Answer: (i) \(\sum_{r=n+1}^{2n} u_r = 14n^3 + 9n^2\).
(ii) \(u_r = 6r^2 - 1\).
Let \(S_n = \sum_{r=1}^{n} u_r\). We are given that \(S_n = n^2(2n+3)\).
(i) The sum from \(r=n+1\) to \(r=2n\) is
\(\sum_{r=n+1}^{2n} u_r = S_{2n} - S_n\).
Now
\(S_{2n} = (2n)^2(2(2n)+3) = 4n^2(4n+3) = 16n^3 + 12n^2\).
So
\(S_{2n} - S_n = (16n^3 + 12n^2) - (2n^3 + 3n^2) = 14n^3 + 9n^2\).

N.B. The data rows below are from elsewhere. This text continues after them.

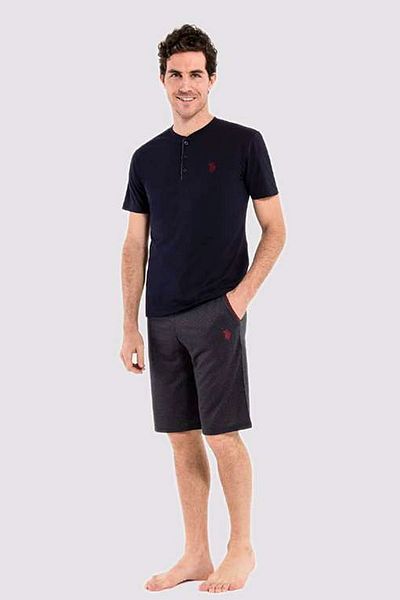U.S. Polo Assn. U.S. Polo Assn. 12005 Men's 3-Piece Pajama Set - Navy Blue
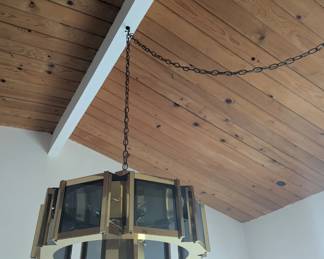 Brass Smoked Glass MCM Chandelier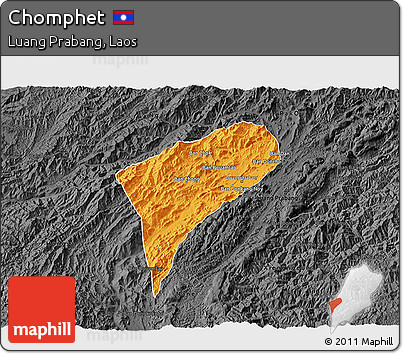 Political 3D Map of Chomphet, darken, desaturated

Hence \(\sum_{r=n+1}^{2n} u_r = 14n^3 + 9n^2\).
(ii) Since \(u_r\) is the difference between consecutive partial sums,
\(u_r = S_r - S_{r-1}\).
Now
\(S_r = r^2(2r+3) = 2r^3 + 3r^2\),
and
\(S_{r-1} = (r-1)^2\bigl(2(r-1)+3\bigr) = (r-1)^2(2r+1)\).
So
\(u_r = r^2(2r+3) - (r-1)^2(2r+1)\).
Expanding,
\(r^2(2r+3) = 2r^3 + 3r^2\),
\((r-1)^2(2r+1) = (r^2 - 2r + 1)(2r+1) = 2r^3 - 3r^2 + 1\).
Therefore
\(u_r = (2r^3 + 3r^2) - (2r^3 - 3r^2 + 1) = 6r^2 - 1\).